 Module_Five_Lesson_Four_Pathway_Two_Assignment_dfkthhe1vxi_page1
------------------------------------
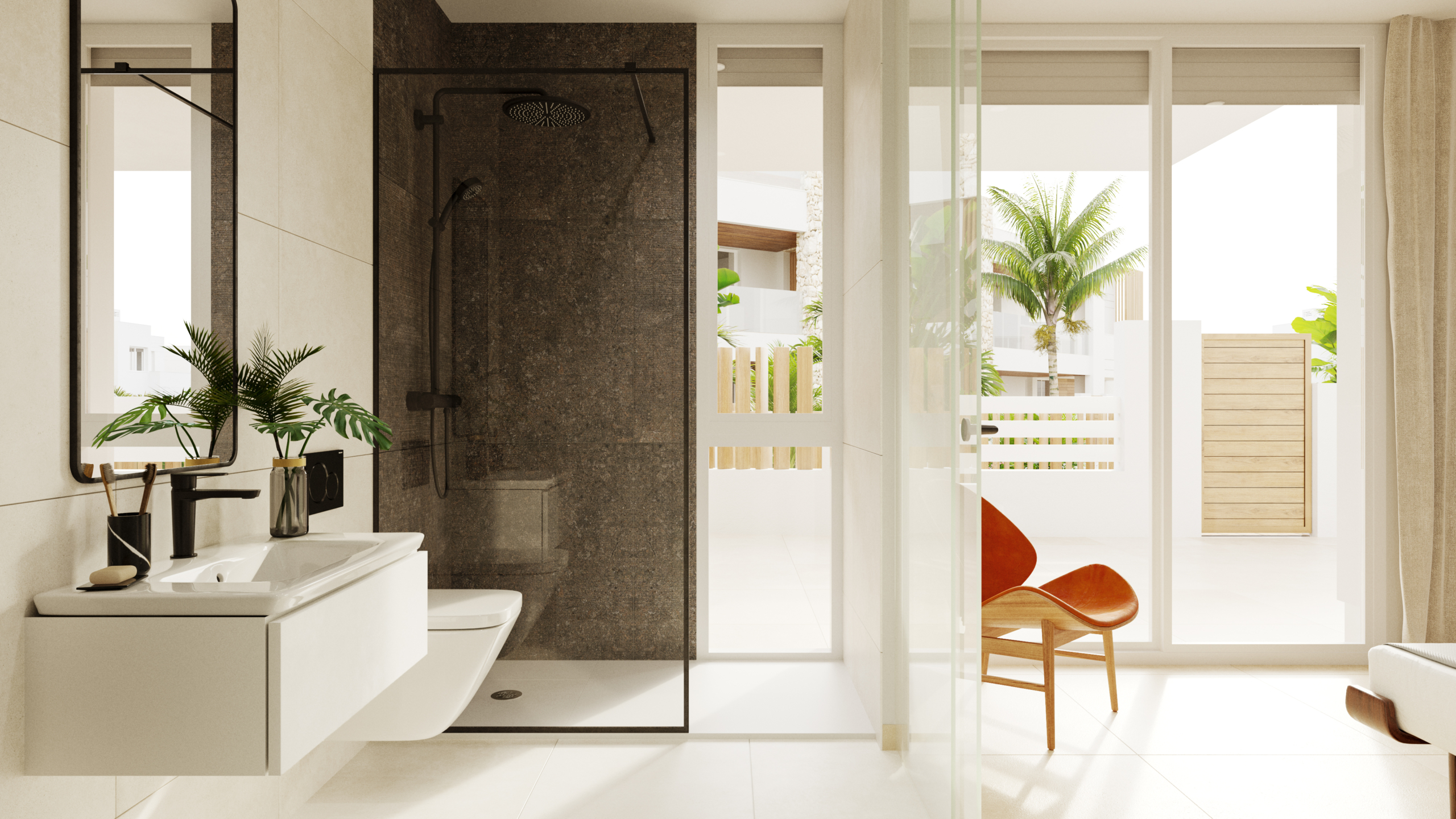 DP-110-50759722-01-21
------------------------------------
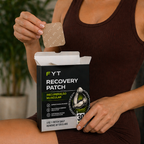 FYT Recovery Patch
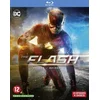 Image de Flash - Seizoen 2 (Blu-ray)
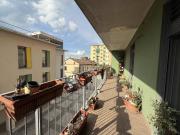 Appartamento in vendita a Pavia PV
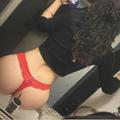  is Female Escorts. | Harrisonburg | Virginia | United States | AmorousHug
------------------------------------
# Work task:
Text only, no pictures: please print exactly the lines above from the line with "FYT Recovery Patch" up to and including the line with "is Female Escorts.", and nothing else.

# Response for this exercise:
 FYT Recovery Patch
 Image de Flash - Seizoen 2 (Blu-ray)
 Appartamento in vendita a Pavia PV
  is Female Escorts. | Harrisonburg | Virginia | United States | AmorousHug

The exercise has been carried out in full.